How Pancreatic Cancer Hijacks Tissue to Spread: The Periostin Pathway
Pancreatic cancer's lethality stems from its ability to spread early and stealthily. A groundbreaking 2026 study reveals how the tumor reprograms its microenvironment using a protein called periostin. This process facilitates nerve invasion, creates a protective fibrous barrier that resists treatment, and paves the way for metastasis. Understanding this mechanism opens new avenues for targeted therapies aimed at blocking invasion before it starts, offering hope for improving the dire prognosis associated with this aggressive disease.
Pancreatic cancer remains one of the most formidable challenges in oncology, notorious for its aggressive spread and poor survival rates. A pivotal 2026 study published in Molecular and Cellular Endocrinology has illuminated a critical mechanism behind this lethality. Researchers discovered that pancreatic tumors actively reprogram their surrounding tissue, using a specific protein to invade nerves and create a fortress-like barrier. This revelation not only explains why the disease is so difficult to treat but also points to a promising new target for intervention.
The Deadly Dynamics of Pancreatic Adenocarcinoma
The most common form, pancreatic adenocarcinoma, originates in the glandular cells. It accounts for approximately 90% of cases and is characterized by a death rate that nearly matches its diagnosis rate. Globally, this translates to about 510,000 new cases and a similar number of deaths annually. In Brazil, where the research was conducted, estimates indicate 11,000 new cases and 13,000 deaths each year. "It's an aggressive cancer that's difficult to treat. Around 10% of patients have a chance of long-term survival," explains study author and oncologist Dr. Pedro Luiz Serrano Uson Junior, highlighting the urgent need for better therapeutic strategies.

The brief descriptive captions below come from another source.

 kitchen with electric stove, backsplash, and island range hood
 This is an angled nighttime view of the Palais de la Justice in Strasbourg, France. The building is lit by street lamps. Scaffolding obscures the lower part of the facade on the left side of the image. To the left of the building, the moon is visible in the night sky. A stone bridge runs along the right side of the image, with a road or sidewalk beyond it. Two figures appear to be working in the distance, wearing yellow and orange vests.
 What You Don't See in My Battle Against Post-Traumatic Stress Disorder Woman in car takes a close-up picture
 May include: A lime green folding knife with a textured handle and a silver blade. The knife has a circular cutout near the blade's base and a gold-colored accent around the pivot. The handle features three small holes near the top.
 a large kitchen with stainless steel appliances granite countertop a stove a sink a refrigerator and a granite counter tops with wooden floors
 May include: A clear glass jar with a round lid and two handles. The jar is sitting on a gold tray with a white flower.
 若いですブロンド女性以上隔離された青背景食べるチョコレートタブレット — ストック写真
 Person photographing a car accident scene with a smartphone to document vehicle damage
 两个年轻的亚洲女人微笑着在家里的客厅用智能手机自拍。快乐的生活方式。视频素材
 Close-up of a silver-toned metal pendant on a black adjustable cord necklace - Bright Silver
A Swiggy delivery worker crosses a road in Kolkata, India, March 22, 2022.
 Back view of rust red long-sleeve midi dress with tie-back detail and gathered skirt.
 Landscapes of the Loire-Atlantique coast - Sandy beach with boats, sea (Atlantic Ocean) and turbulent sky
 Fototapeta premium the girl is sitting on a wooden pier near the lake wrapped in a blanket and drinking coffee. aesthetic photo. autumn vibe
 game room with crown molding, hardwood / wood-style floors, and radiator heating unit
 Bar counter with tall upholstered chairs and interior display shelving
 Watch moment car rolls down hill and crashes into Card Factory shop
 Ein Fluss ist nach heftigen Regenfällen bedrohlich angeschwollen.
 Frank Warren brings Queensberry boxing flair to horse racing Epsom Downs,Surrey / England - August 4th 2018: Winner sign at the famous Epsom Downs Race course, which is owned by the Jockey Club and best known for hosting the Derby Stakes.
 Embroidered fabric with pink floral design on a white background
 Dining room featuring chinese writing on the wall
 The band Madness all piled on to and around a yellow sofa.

Unraveling the Mechanism of Early Spread
The study's core finding centers on a process known as perineural invasion. This occurs when cancer cells infiltrate and travel along nerves, a hallmark of aggressiveness that facilitates metastasis and often causes severe pain. "Perineural invasion is a marker of cancer aggressiveness," Uson states. The research team, led by Carlos Alberto de Carvalho Fraga and principal investigator Helder Nakaya at the Center for Research on Inflammatory Diseases (CRID), used advanced spatial genomics to analyze 24 tumor samples. They found the cancer does not act alone; it co-opts the stroma—the connective tissue surrounding the tumor—turning it from a passive structure into an active accomplice in invasion.
The Key Player: Periostin and Tissue Remodeling
The orchestrator of this hostile takeover is a protein called periostin, produced abundantly by pancreatic stellate cells. Periostin's primary function is to remodel the extracellular matrix—the scaffold that holds tissues together. In the context of cancer, this remodeling becomes destructive. "Periostin participates in this remodeling, paving the way for tumor cells to invade," explains Nakaya. By breaking down and reorganizing the tissue architecture, periostin essentially clears a path for cancer cells to reach nearby nerves, which then act as highways for further dissemination throughout the body.
The Dual Challenge: Invasion and Treatment Resistance
This invasive process triggers a desmoplastic reaction, resulting in the buildup of dense, fibrous tissue around the tumor. This hardened barrier serves a dual purpose: it protects the cancer cells and severely impedes the delivery of chemotherapy and immunotherapy drugs. "That's why pancreatic cancer is still so difficult to treat," Uson notes. The study indicates that more than half of pancreatic cancer cases show signs of this nerve invasion at an early stage, but it is typically only discovered post-surgery, after the spread has already occurred.
A New Frontier in Precision Oncology
The identification of periostin's role presents a tangible new target for therapy. The researchers propose that inhibiting periostin or depleting the stellate cells that produce it could prevent early nerve invasion and slow metastasis. This approach aligns with the shift toward precision medicine. "If we can develop antibodies or drugs that block these stellate cells, we'll have tools to prevent the tumor from acquiring this invasive capacity so early," says Uson. Notably, clinical trials for other cancers are already testing anti-periostin antibodies, which could pave the way for pancreatic cancer applications.
This research, supported by FAPESP, underscores a critical advance. By understanding how pancreatic cancer rewires its microenvironment, the medical community moves closer to developing pre-emptive strategies. The goal is to intercept the disease before it spreads, ultimately transforming the prognosis for patients facing this daunting diagnosis.